Thursday, August 1, 2013

William Lane Craig on Philosophy and Apologetics


William Lane Craig is Research Professor of Philosophy at Talbot School of Theology in La Mirada, California. He lives in Atlanta, Georgia, with his wife Jan and their two teenage children Charity and John. At the age of sixteen as a junior in high school, he first heard the message of the Christian gospel and yielded his life to Christ. Dr. Craig pursued his undergraduate studies at Wheaton College (B.A. 1971) and graduate studies at Trinity Evangelical Divinity School (M.A. 1974; M.A. 1975), the University of Birmingham (England) (Ph.D. 1977), and the University of Munich (Germany) (D.Theol. 1984). From 1980-86 he taught Philosophy of Religion at Trinity, during which time he and Jan started their family. In 1987 they moved to Brussels, Belgium, where Dr. Craig pursued research at the University of Louvain until 1994.



William Lane Craig


Have you ever wondered what type of training would be the most beneficial for those who aspire to become Christian apologists? Dr. Craig, when asked to present for the Stobb Lectures, recently addressed students interested in apologetics as ministry, offering them three key pieces of advice to help in that pursuit. Here, in the first of two parts, he explains why budding apologists should select an area of specialization in their studies and then demonstrates why a background in analytic philosophy provides a crucial foundation, even as a part of historical and scientific apologetics training.

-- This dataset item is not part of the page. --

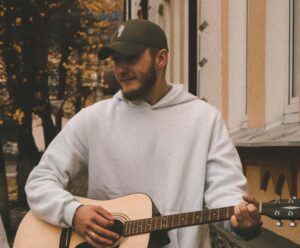 Музика як внутрішній діалог: ENNDYOFF рефлексує над вибором у новому треці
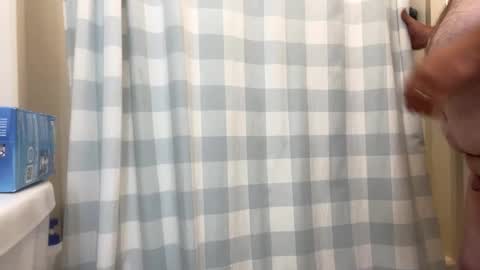 Snapshot of luvtobenude21 chatting on 4, 10, 2025 Joe and Sarah online show from 4, 10, 2025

In 1983, when Alvin Plantinga delivered his inaugural lecture as the John O'Brien Professor of Philosophy at the University of Notre Dame, he chose as his topic "Advice to Christian Philosophers." Today I've chosen as my subject the related, but somewhat broader, topic "Advice to Christian Apologists." Plantinga's advice was, however, directed toward those who already were Christian philosophers, whereas my remarks might be more appropriately entitled "Advice to Budding Christian Apologists," that is to say, to those who will but have not yet entered into a ministry of Christian apologetics and wish to know what goes into effective apologetics training.

We saw yesterday the tremendous need for and benefits of Christian apologetics, both in shaping culture and in influencing individual lives. Now to help us to do this well, let me make a few suggestions.

1. Apologetics training - Select some area in which to specialize.

Select some area in which to specialize . Some popular Christian apologists make the mistake of trying to be a jack of all trades, and so they are master of none. As a result, their knowledge of the field may be very broad, but it is not very profound. While they may be able to present an initial argument for Christian truth claims, they soon wilt under the pressure of critique, especially on the part of specialists. Speaking on a university campus, they may find themselves ridden with anxiety lest a non-Christian faculty member should show up in their audience and raise an objection they are at a loss to deal with. If that does happen, they may not only embarrass themselves but also injure the credibility of the Christian faith. A merely generalized knowledge of Christian apologetics is fine for certain contexts, and certainly better than nothing, but it will limit the horizons of your ministry.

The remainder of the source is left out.